Subject: 'File Number S7-09-09'

July 2, 2009

Elizabeth M. Murphy, Secretary
Securities and Exchange Commission
100 F Street, NE Washington, DC 20549

As the Chief Compliance Officer USA Tax & Insurance Services, I appreciate the opportunity to forward my comments on the proposed custody rule. As a small Registered Investment Advisory firm, we set up a Custodial arrangement for the back office functions of our advisory business and allow them to process all client fee charges directly from the account. We are fully supportive of the portion of the proposal that requires investment advisory firms which do not maintain client accounts at an independent qualified custodian (e.g., advisory firms with actual custody) to obtain a written report from an independent public accountant that includes an opinion regarding the qualified custodian's controls relating to custody of client assets.

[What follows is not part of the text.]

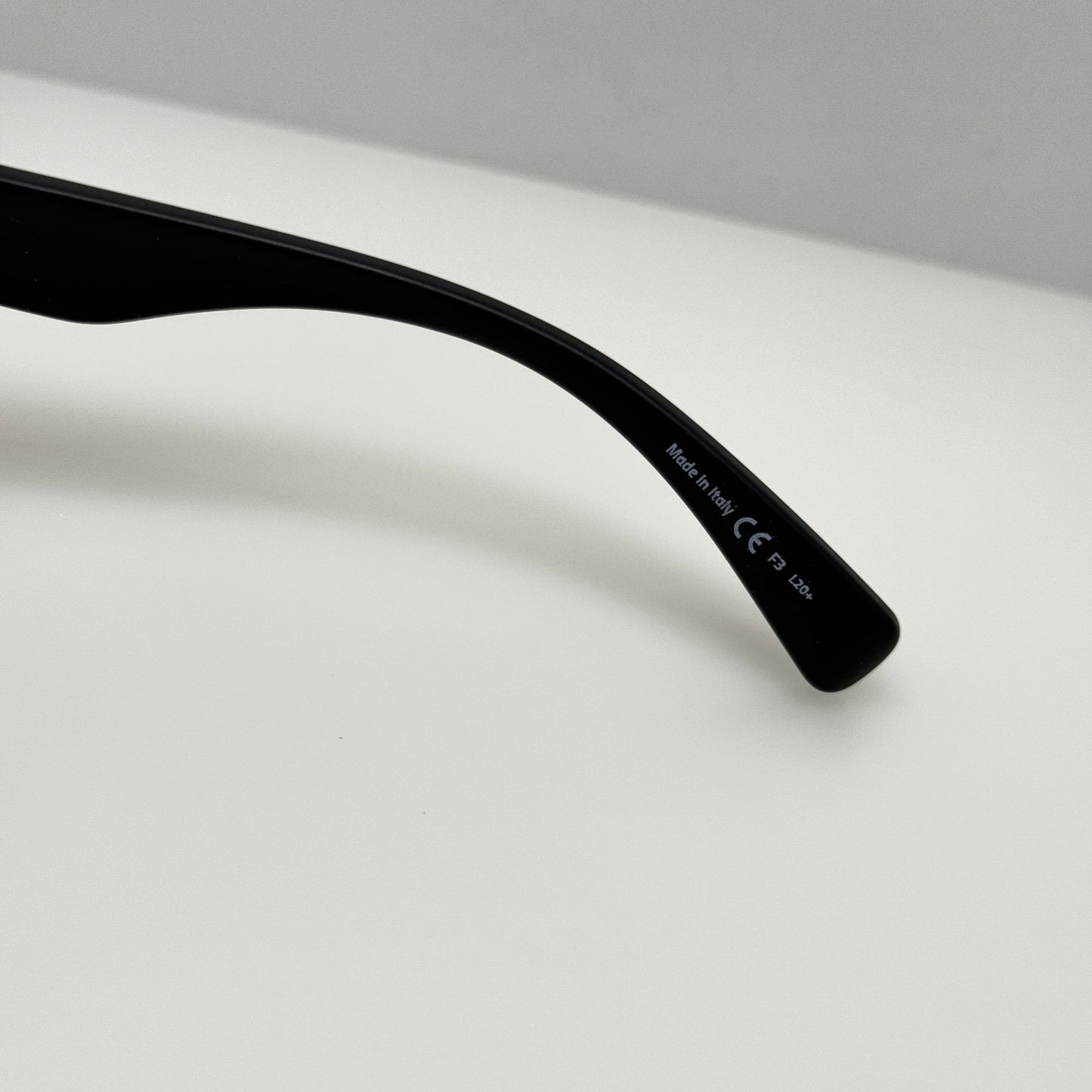 Revo Sunglasses RE 1054 01 Zinger Polarized 53-20-140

On the other hand, USA Tax believes that the portion of the proposal that would require registered investment advisers that instruct a qualified custodian to debit fees to undergo an annual surprise examination by an independent public accountant to verify client funds is unwarranted in its application to most investment advisors.

It is our opinion this explanation of “Custody” based on the proposal does apply to most investment advisers because they do not possess actual custody only because they direct the debit advisory fees directly from client accounts. The custodian is required to send statements to client that shows fees being charged and debited as per their contract. The client should be made responsible to review their statements to protect themselves. If there are any irregularities reported, there will consequences to the advisor based on existing SEC rules.

This proposal will subject thousands of advisory firms that make up this particular category of investment advisers merely because they debit fees from client accounts, to the additional cost of an annual "surprise" audit by their CPA firm focused on verifying client funds and securities seems unwarranted. This requirement does not address the specific problems that initiated the rule proposal. It will only make it more difficult for small investment advisors to work cost effectively in this market. It would seem more appropriate to require all firms to have a custodian arrangement that requires all fees to be process through that entity Thereby, ensuring an independent custodial entity transacting this process.

In summary, USA Tax believes that the effect of this proposal should be limited to firms that have actual custody of client funds not those that are merely deemed to have custody because they debit fees from client accounts.

Thank you for this opportunity to make comment.